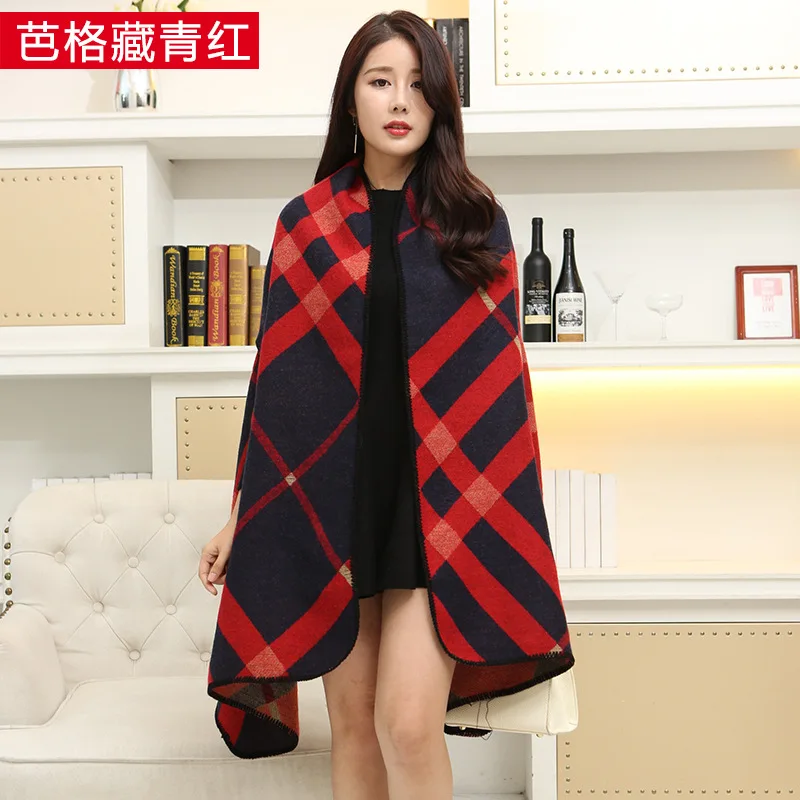 New 2024 Luxury Brand Women Winter Scarf Warmer Shawl Ladies Plaid Blanket Knit Wrap Cashmere Poncho Capes Female Echarpe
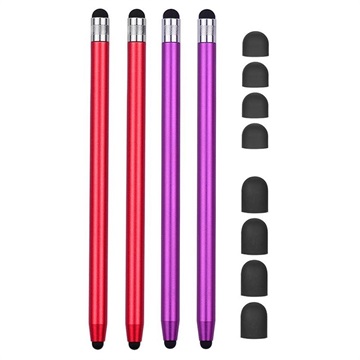 Stylus Pen Capacitiv Universal 2-în-1 - 4 Buc. - Roșu / Violet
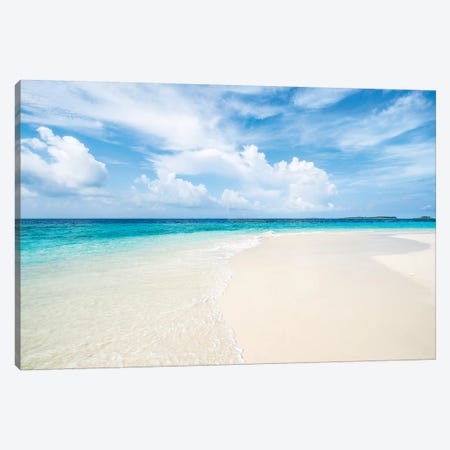 Beautiful Beach With White Sand And Turquoise Water Canvas Print #JNB130} by Jan Becke Canvas Print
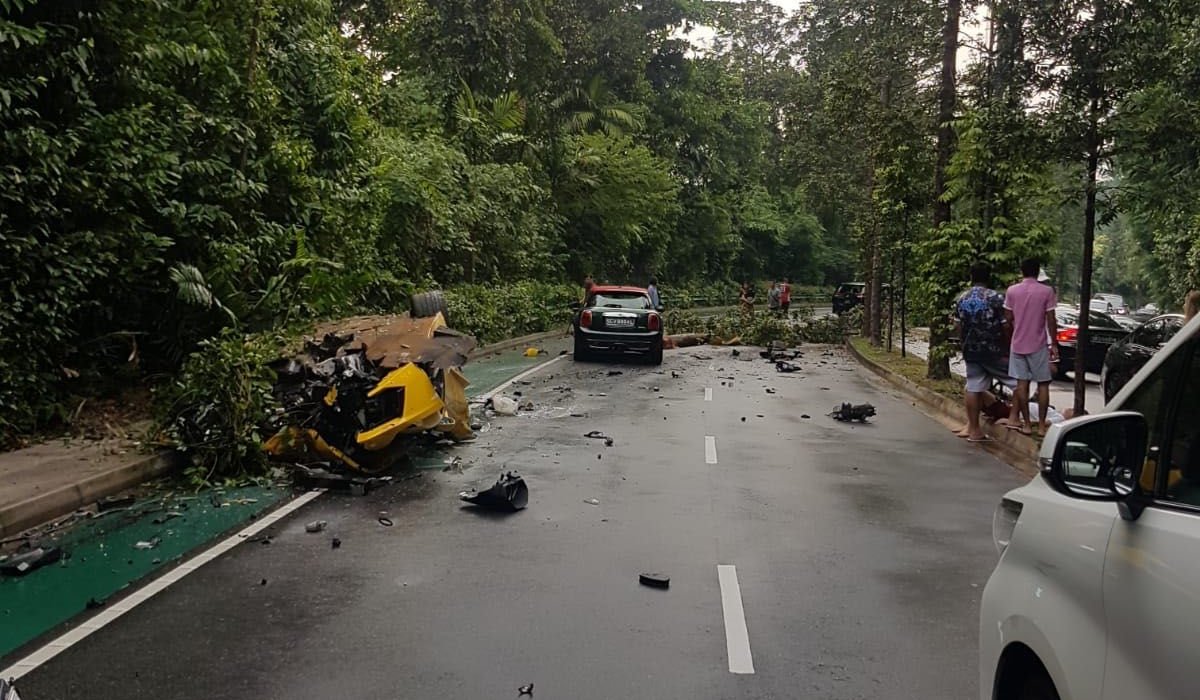 Lamborghini Aventador Singapore Crash 6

■ **What you need to do**
Copy out the data verbatim, excluding the pictures.

■ **Solution to the problem**
 New 2024 Luxury Brand Women Winter Scarf Warmer Shawl Ladies Plaid Blanket Knit Wrap Cashmere Poncho Capes Female Echarpe
 Stylus Pen Capacitiv Universal 2-în-1 - 4 Buc. - Roșu / Violet
 Beautiful Beach With White Sand And Turquoise Water Canvas Print #JNB130} by Jan Becke Canvas Print
 Lamborghini Aventador Singapore Crash 6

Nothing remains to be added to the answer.